--- Work instruction ---
Begin with the line below holding "слика 2 Scania" and go on through the line holding "Vintage David Paul", duplicating each line exactly and leaving out pictures.

*** Opening Information shown ***

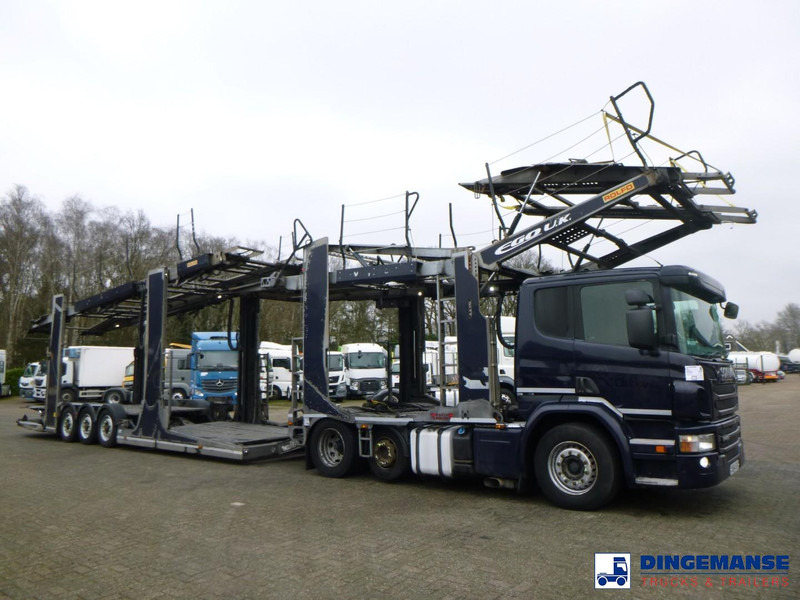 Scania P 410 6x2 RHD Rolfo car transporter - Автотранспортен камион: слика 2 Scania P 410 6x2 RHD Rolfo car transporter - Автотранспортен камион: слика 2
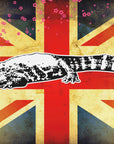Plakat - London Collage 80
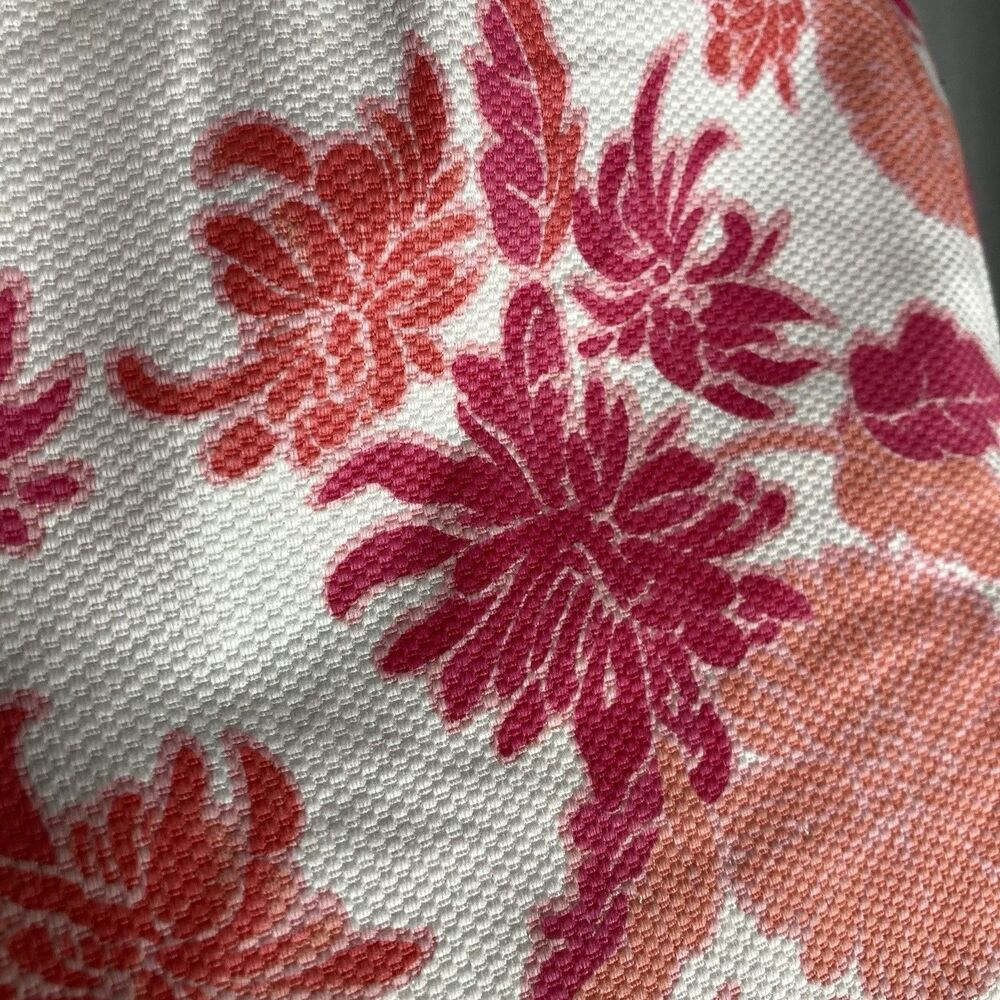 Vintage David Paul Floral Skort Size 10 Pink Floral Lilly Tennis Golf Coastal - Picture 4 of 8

*** Closing Information shown ***
*** Opening Information shown ***

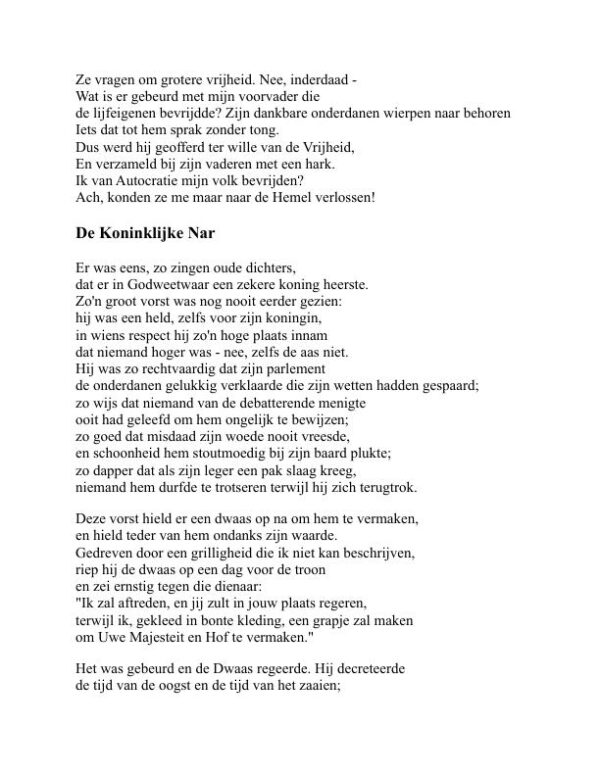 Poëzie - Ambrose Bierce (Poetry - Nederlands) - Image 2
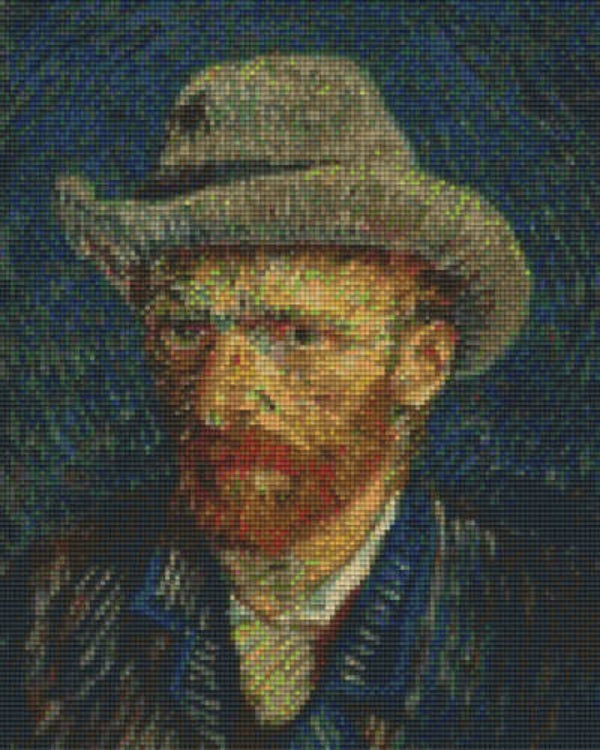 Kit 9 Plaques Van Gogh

*** Closing Information shown ***

--- Solution below ---
 Scania P 410 6x2 RHD Rolfo car transporter - Автотранспортен камион: слика 2 Scania P 410 6x2 RHD Rolfo car transporter - Автотранспортен камион: слика 2
Plakat - London Collage 80
 Vintage David Paul Floral Skort Size 10 Pink Floral Lilly Tennis Golf Coastal - Picture 4 of 8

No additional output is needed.